El cambalache y el arrabal vieron nacer a los corralones que se combinaron durante décadas con el fantasma de un puerto que en verdad nunca fue. Esa sensación que hoy tenemos los porteños cuando cursamos la Rambla hacia Alem; esa visión a lo que fue el fuerte hacia la izquierda y un sinsentido de luces reflejadas en los vidrios de Madero a la derecha; esa pulsión de levantar la mirada para ver qué hay detrás es la prueba de que la caja nunca fue para los hijos de Bayres. A Bayres la cagaron en la herencia y el puerto fue de sucesión para Garay.
Bandoneon arrabalero, viejo fueye desinflado,
Te encontré como a un pebete que la madre abandonó
en la puerta de un convento sin reboque en las paredes,
A la luz de un farolito que de noche te alumbró.
Bandoneón Arrabalero – Carlos Gardel
Sin embargo, Bayres es también y sigue siendo hija de la furia de Plata. Ser despiadada es parte de su sangre. Los hijos y las hijas que parió son, somos, un poco de todo eso también. Porque nos crió con lo que tenía, con lo que ella supo y le dejaron ser. Bayres, con eso, parió un tipo de argentino, un tipo de argentina muy particular: el maricón.
Estaño hace referencia a la sabiduría popular del argentino que, acodado sobre el estaño de un bar, te lanza una reflexión que destruye falsos paradigmas instalados por la colonización cultural a través de toneladas de papel y ríos de tinta.

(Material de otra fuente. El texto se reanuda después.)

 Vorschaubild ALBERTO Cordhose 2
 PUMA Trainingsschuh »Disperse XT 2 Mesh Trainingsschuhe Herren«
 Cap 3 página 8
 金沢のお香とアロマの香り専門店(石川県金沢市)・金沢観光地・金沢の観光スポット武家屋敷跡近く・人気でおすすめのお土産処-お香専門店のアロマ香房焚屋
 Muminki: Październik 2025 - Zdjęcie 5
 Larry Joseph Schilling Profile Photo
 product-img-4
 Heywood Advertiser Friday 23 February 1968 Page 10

Pensar con estaño – Arturo Jauretche
Sí, así genérico. El maricón. El trolo en su derivación más reciente. Llorones de nuestra madre que en todo nos aplasta, nos aturde, nos sobreestimula con sus exigencias del ser. Madre Bayres nos hace cosquillas en las plantas de los pies para que lleguemos rápido a Nuestro Destino y no nos mira mucho mientras vamos caminando. Si te quedas solo o sola un domingo por la tarde, Bayres te recordará el precio de tu anonimato. Nos regala hermanos y hermanas que, perdidos, recurren a ella en búsqueda de auxilio. Pero poco sabemos reconocernos propios: los porteños y porteñas sabemos hablar con estaños solo cuando estamos borrachos, pero de día el nuestro sigue siendo el lenguaje de los piratas que le enseñaron a Bayres a sospechar con ojos entrecerrados y buscarle la salida por arriba -la zafada- al laberinto.
A Bayres le han saqueado hasta lo último para adormecerla. Le han maquillado hasta las sienes, pero las cloacas parecen estar a punto de estallar todo el tiempo. El olor a podrido es indicador de esto. Bayres quiere despertarse. Bayres todavía existe.
Madre Bayres, yo te amo porque estás tan rota como yo.
Lector agreste, si te adornara la virtud del pájaro y si desde tus alturas hubieses tendido una mirada gorrionesca sobre la ciudad, bien sé yo que tu pecho se habría dilatado según la mecánica del orgullo, ante la visión que a tus ojos de porteño leal se hubiera ofrecido en aquel instante.
En Adán Buenosayres – de Leopoldo Marechal.